In contracts, leases, loan documents and other agreements, we frequently see a request that one party indemnify the other against certain occurrences.
As a simple and general proposition, indemnity provisions are ill-advised for the indemnitor.  They are open-ended access to one’s checkbook for all sorts of claims, and are usually accompanied by a duty to defend against those claims (i.e., pay for an attorney to defend a suit), whether meritorious or frivolous.  Thus, a short indemnity paragraph could lead to hundreds of thousands or millions of dollars of unexpected and unintended liability.  As a rule: Not a good idea.

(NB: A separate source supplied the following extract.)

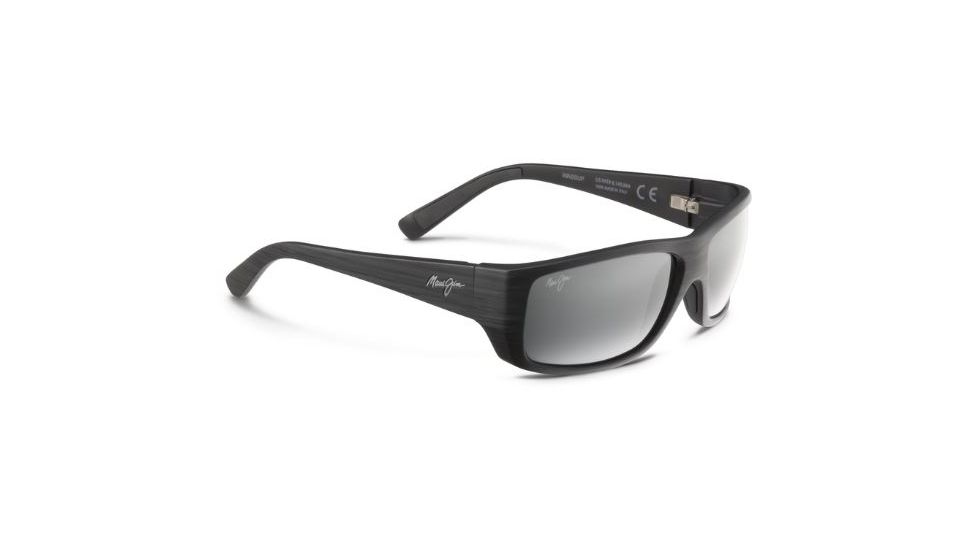 Maui Jim Wassup Sunglasses - Matte Black Wood Grain Frame,Polarized Neutral Grey Lens 123-02W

Taking this concept over into the world of real estate sales, as is explained in this blog entry, Real Estate 101: Types of Deeds in Ohio, when a seller executes and delivers a warranty deed in Ohio (General Warranty Deed or Limited Warranty Deed), he is essentially providing an open-ended indemnification to a buyer of that property — and his successors down the chain of title — against certain title claims.  Among other things, a warranty covenant is a promise to defend against certain claims to the title from a third party.
Ohio Courts have ruled that the failure to provide that defense will mean the grantor must pay the attorneys fees of the grantee to so defend the title. Â Hollon v. Abner, 1997 WL 602968 (Ohio App. 1 Dist., 1997).
Thus, although it is “standard operating procedure” in real estate transactions to provide a warranty deed, sellers may want to re-think that (starting with the signing of the contract as that instrument dictates what form of deed is required at the closing) and understand their open-ended exposure from a warranty deed.